Analyse zu VfB Stuttgart gegen Erzgebirge Aue Wie der VfB seine Stärke auf den Rasen bringt

Von Gregor Preiß 

Das 3:0 gegen Erzgebirge Aue zeigt: Wenn sich der VfB Stuttgart in der zweiten Liga nicht verkünstelt und seine Stärken aufs Feld bringt, ist er kaum zu stoppen.

Nach dem Sieg lässt sich die Mannschaft vor der Fankurve feiern. Foto: Baumann 9 Bilder
Nach dem Sieg lässt sich die Mannschaft vor der Fankurve feiern. Foto: Baumann

Stuttgart - Gegen den Kumpelclub aus dem Erzgebirge reicht dem VfB Stuttgart am Samstagmittag eine solide Leistung zu einem weitgehend ungefährdeten 3:0-Erfolg. Wie es dazu kam, analysieren wir in unserer Fünferkette.

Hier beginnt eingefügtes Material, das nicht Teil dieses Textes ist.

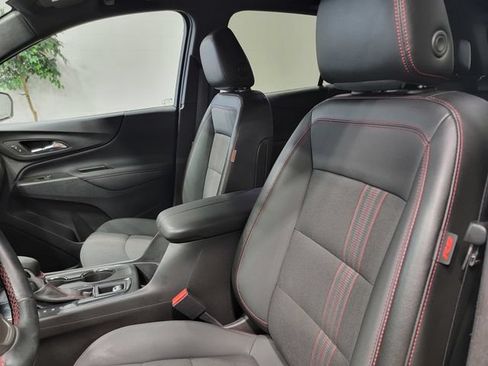 Certified 2023 Chevrolet Equinox RS FWD image 12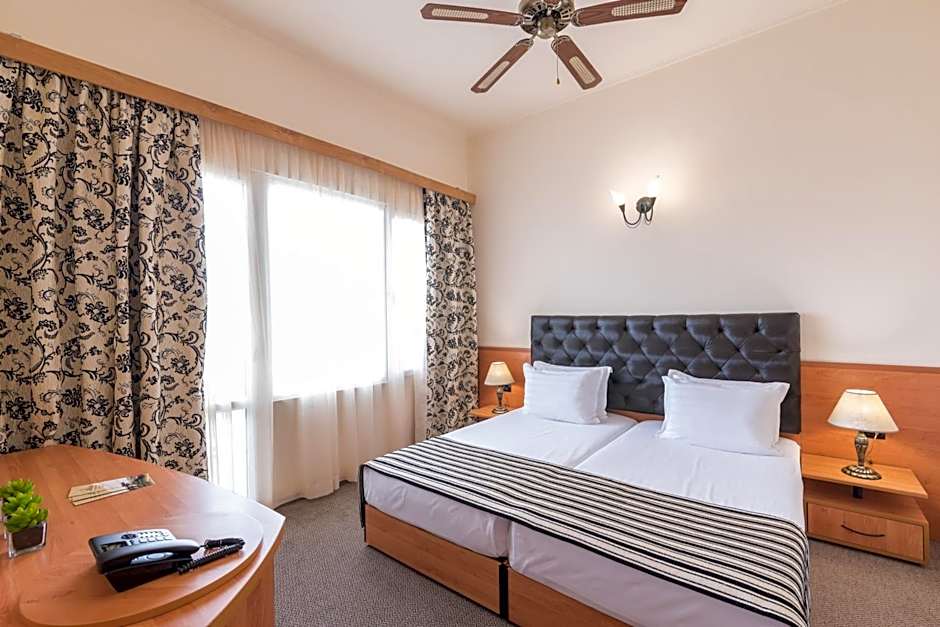 Lotus Family Hotel - Free Parking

Spielidee: Gegenüber dem Pokalaus bei Bayer Leverkusen veränderte Trainer Pellegrino Matarazzo seine Mannschaft auf drei Positionen. Ersatzkeeper Fabian Bredlow musste wieder Gregor Kobel weichen, zudem wurden Roberto Massimo (Wadenverletzung) und Philipp Förster (Bank) durch Atakan Karazor und Mario Gomez ersetzt. In der Abwehr setzte Matarazzo auf eine Dreierkette mit komplett fachfremdem Personal: Wataru Endo spielte auf links, Nat Phillips rechts und Karazor in der Mitte. Der Plan ging auf, der VfB spielte zu Null. Auch im Mittelfeld ordnete der 42-Jährige wieder ein neues Gebilde an, das den defensiven Gegner mit zunehmender Spieldauer ins Wanken brach. „Wir orientieren uns jetzt taktisch mehr am Gegner“, erklärte Doppeltorschütze Daniel Didavi einen signifikanten Unterschied Matarazzos im Vergleich zu Vorgänger Tim Walter.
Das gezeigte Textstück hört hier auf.